緊挨白雲莊的南面,就是萬斯同故居,由南面牌樓式大門、前廳和後廳組成。前廳,五開間硬山頂建築。正廳門上方掛一匾:“浙東學術文化陳列”。後廳明間廊下掛著“萬氏故居”橫匾,後廳前廊西側邊門外就是明代都督萬泰之父萬邦孚及萬泰第五子萬斯選、第四子萬斯昌的墓葬。 1963年3月,白雲莊被公布為省級重點文物保護單位。
人物小傳
原文
萬貞文先生傳
〔清〕全祖望著
貞文先生萬斯同,字季野,鄞人也,戶部郎泰第八子,少不馴,弗肯帖帖隨諸兄,所過多殘滅,諸兄亦忽之。戶部思寄之僧舍,已而以其頑,閉之空室中。先生竊視架上有明史料數十冊,讀之甚喜,數日而畢;又見有經學諸書,皆盡之。既出,因時時隨諸兄後,聽其議論。一日伯兄期年家課,先生欲豫焉,伯兄笑曰:“汝何知?”先生答曰:“觀諸兄所造,亦易與耳。”伯兄驟聞而駭之,曰:“然則吾將試汝。””因雜出經文目試之,汗浸千言,餓頃而就。伯兄大驚,持之而泣,以稿戶部曰:“幾失吾弟。”戶部亦愕然曰:“幾失吾子。”是日始為先生新衣履,送入塾讀書。逾年,建請業於梨洲先生,則置之烽帳中高坐。先生讀書五行並下,如決海堤,然嘗守先儒之戒,以為無益之書不必觀,無益之文不必為也,故於書無所不讀,而識其大者。
康熙戊午,詔征博學鴻儒,則獲獎巡道許鴻勤以先生薦,力辭得免。明年,開局修《明史》,崑山徐學士元文延先生往,時史局中徵士許以七品俸,稱翰林院纂修官,學士欲援其例以授之,先生請以布衣參史局,不署銜,不受俸,總裁許之。諸纂修官以稿至,皆送先生覆審,先生閱畢,謂侍者曰:取某書某卷某頁有某事,當補入;取取某書某卷某頁有某事,當參校。侍者如言而至,無爽者。《明史稿》五百卷皆先生手定,雖其後不盡仍先生之舊,而要其底本,足以自為一書者也。先生之初至京也,時議意其專長在史,及崑山徐侍郎乾學居優,先生與之語《喪禮》,乃知先生之深於經,侍郎因請先生遍成五禮之書二百餘卷。當時京師才彥霧會,各以所長自見,而先生最闇淡,然自王公以至下士,無不呼曰萬先生,而先生與人還往,其自署只曰“布衣萬斯同”,未嘗有他稱也。

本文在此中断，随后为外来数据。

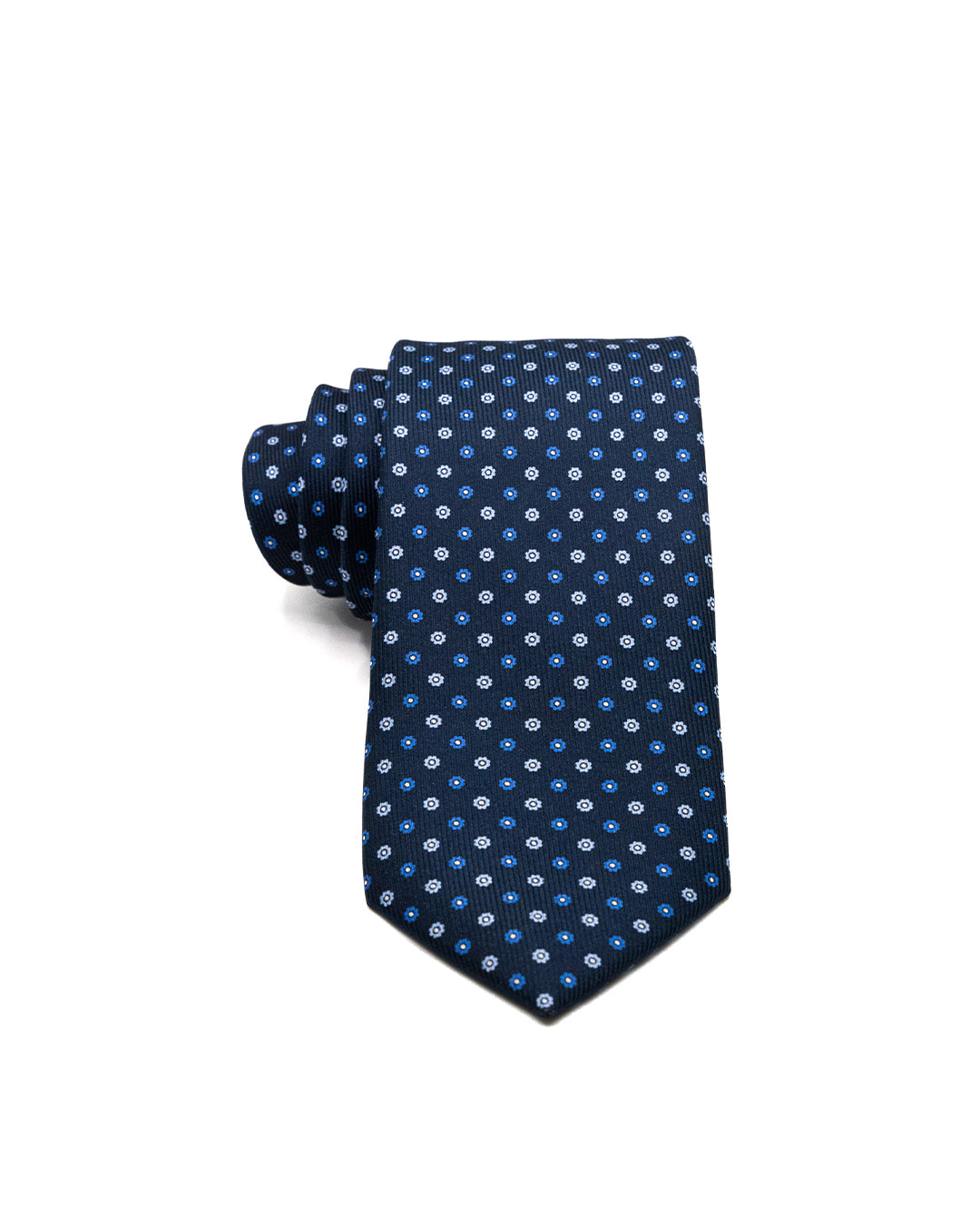 Corbata - de sarga de seda azul marino con motivo floral azul claro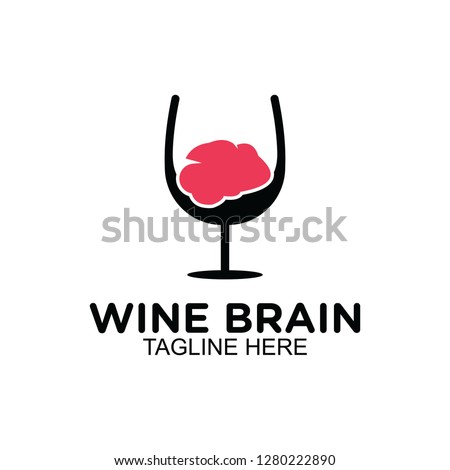Wine glass and brain logo, vector clip art.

先生為人和平大雅,而其中介然。故督師之姻人方居要津,乞史館於督師少為寬假,先生歷數其罪以告之。有運餉官以棄運走,道死,其孫以賂乞入死事之列,先生斥而退之。錢忠介公嗣子困甚,先生為之營一衿者累矣,卒不能得,而先生未嘗倦也。父友馮侍郎躋仲諸子沒入勛衛家,先生贖而歸之。不衿意氣,不事聲援,尤喜獎引後進,惟恐失之,於講會中惓惓三致意焉,蓋躬行君子也。卒後門人私謚曰貞文。
(選自錢儀吉纂《碑傳集》,有刪節)
譯文
萬斯同是貞文先生,字季野,鄞縣人。他是戶部郎萬泰的第八個兒子,年少的時候很頑皮,不肯順從地跟隨兄弟之後,所經過的地方都被毀壞,兄弟們也就都忽視他。父親將他寄養在僧舍之中,因為他頑劣,把他關在空的房間中。萬先生看到書架上有幾十冊明史的書,讀了之後很高興,幾天就讀完了,又發現有經學類的書籍,都看完了。出來之後,經常跟在兄弟們的後面,聽他們評論人或事物的是非、高低、好壞。一天長兄在家裡上課,萬先生想參與進來,伯兄譏笑他說:“你知道什麼?”先生回答說:“看兄弟們所做的文章,很簡單。”長兄突然聽到他這樣說,感到很吃驚,說:“既然這樣,那么我要考考你。”於是混合著經文出題,萬先生洋洋灑灑千言,很快就做成了。長兄非常吃驚,拿著他的文章痛哭,把文章給父親看說:“差點就錯過了弟弟的才華。”父親也吃驚地說:“差點錯過了兒子的才華。”當天為萬先生買新衣新鞋,送他到私塾讀書。過了一年,跟隨梨洲先生學習,在那裡學的很好。萬先生讀書一併學習五行,像要衝破海洋的堤岸,然而遵守先儒的戒條,認為不必觀看沒有價值的書,不必做沒有價值的文章,所以讀了很多書,但是能夠識讀其中的偉大作品。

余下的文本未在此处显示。